Posts Tagged critical marketing

Don’t do it! – How not to be part of a trade show

A recent trade show, lots of activity and displays for all sorts of interesting suppliers, generally a good time was had, however one thing which struck me was the appalling use of mobile phones by those who’s stalls were not doing a brisk trade.

There were staff sitting and standing about texting or chatting on their phones, some CLEARLY bored out of their brains.

Dear Boss… Tell them not to do it please!

I was embarrassed for them and I was a spectator.

If you take a stall at a trade show, you are on show, the business is on show… Therefore make sure you do the right thing and present professionally and do it well.

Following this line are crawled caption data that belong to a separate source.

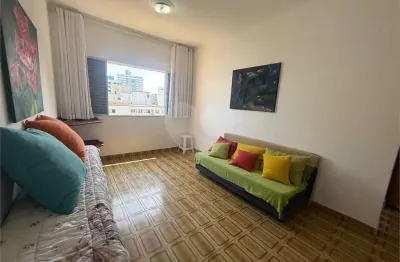 Kitnet / Stúdio à venda na Rua Xavantes, 41, Tupi, Praia Grande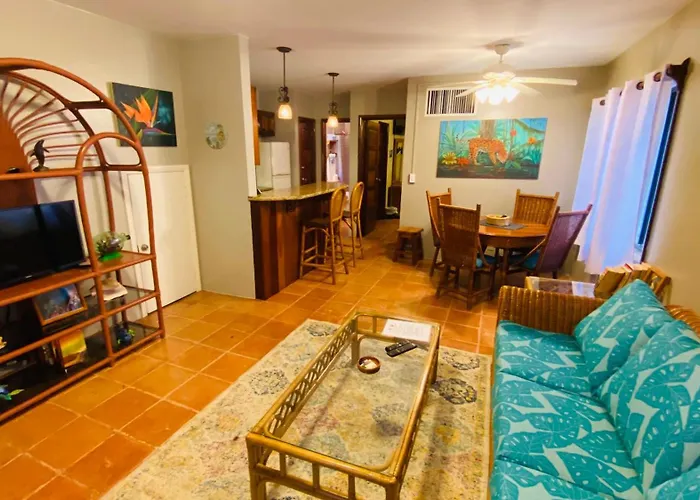 Tradewinds Paradise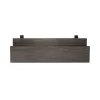 Liberty Furniture 473-OT7637 Sonoma Road - Console Bar Table - Weathered Beaten Bark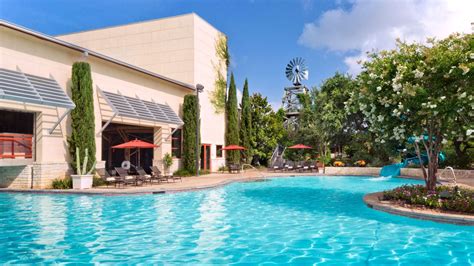 Offers | Hyatt Residence Club San Antonio, Wild Oak Ranch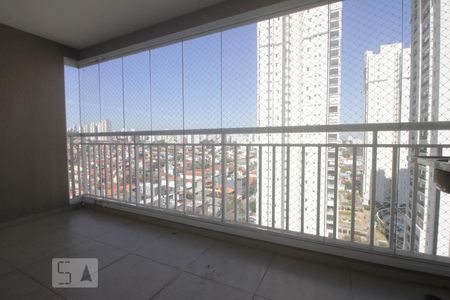 Vista do quarto de apartamento à venda com 2 quartos, 62m² em Vila Sonia, São Paulo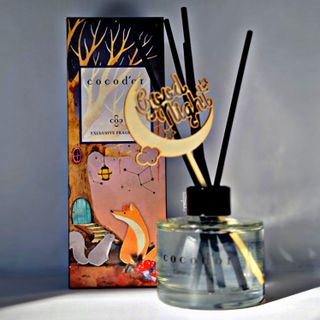 코코도르 디퓨저 120ml, 200ml, 500ml — 5점을 준 리뷰어가 2022년 2월 올린 사용 사진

Firstly, these people may have had no idea what to do when they got to the show, they may have been told to “Turn up and chat to people.”

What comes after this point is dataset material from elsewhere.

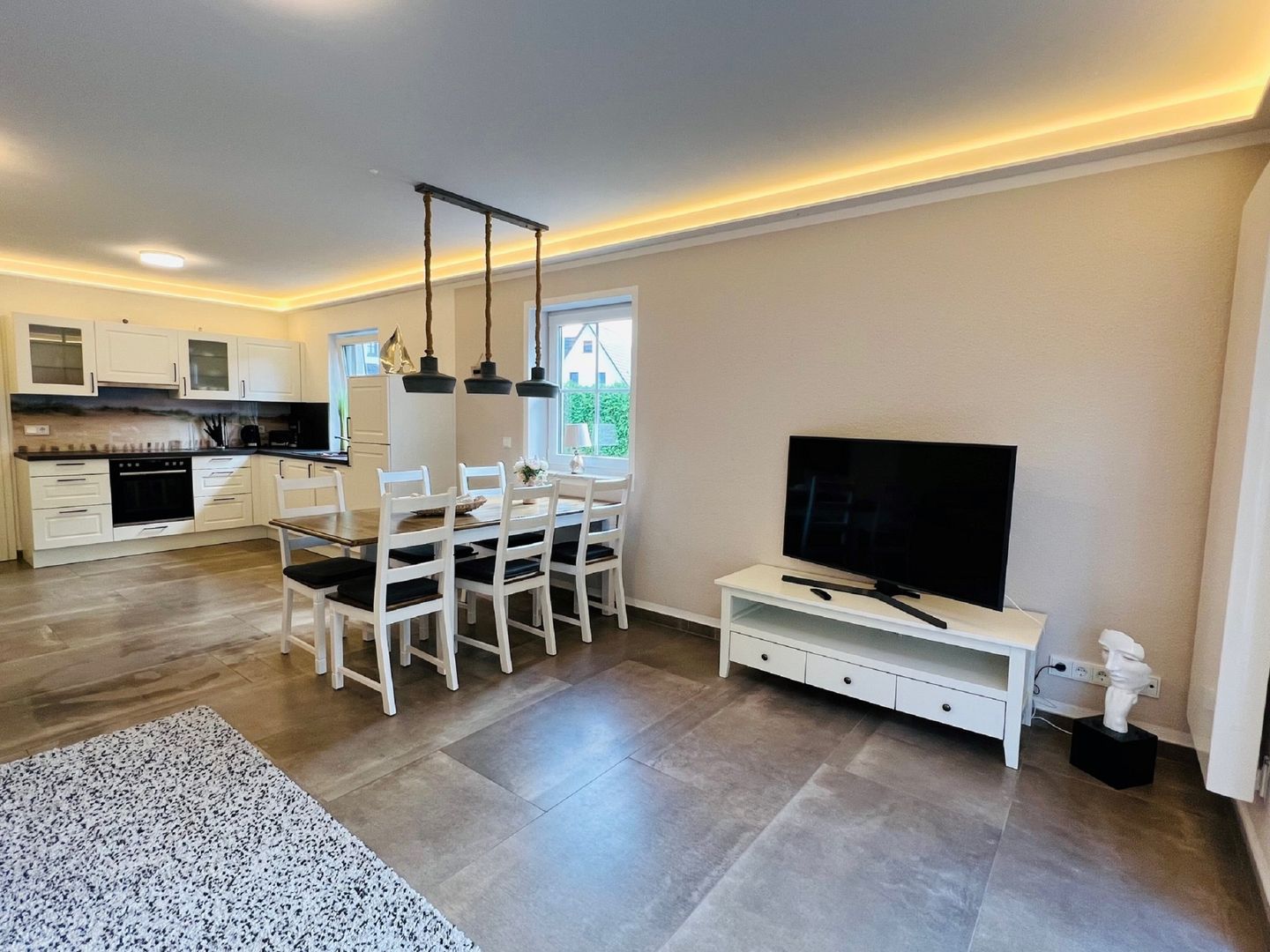  Kavelweg 41a "Haus Greta" Fischland-Darss-Zingst -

Secondly, if you feel you must text or email people use a lap top or an i pad so you look like you are doing business, or don’t do it at all.

I fully appreciate it can be a hard task to be at a trade show and be attentive all day long, it really is a draining experience.

May I suggest.

These people need to have something to do,

  • Set the situation up so they have appointments with people before the event, book some prospects to drop in and see what’s going on.
  • Make it clear about the things they can and can not do while on the stand texting for more than 30 secs is a no no!
  • Ensure you use a friendly branding expert to have creative ways to work with the people walking by the stand. It may be a giveaway you actively hand to the people, get the chance to chat to them and find out more, qualify them to see if they are a fit to what you have on offer, if they are then get their details and reward them with a better handout, this time with solid “remember us” branding on it.
  • Perhaps involve the people in a survey.
  • Consider other novel approaches to create interest. A juggler, a celebrity… make it so the people walking by want to stop, engage them, qualify and go form there.
  • Just because a person is not a prospect now, does not mean they can’t change if they move companies or start a different business later on.

Simply put, having people just sitting or standing about mindlessly not engaged in “working the crowd” are a liability, not an asset. perceptions and image are often paramount to ensuring your business puts it’s best foot forward.

Oh and to finish, “To the man who was so rude as to ignore myself and my friend by looking straight past us once he had figured out we were of no use to him, think again. The scan tag telling you my line of business is only one of my business activities so you gave me a BAD impression of your business, so the very important question I wanted to ask you will wait for the next celebrity speaking bureau chief I meet.”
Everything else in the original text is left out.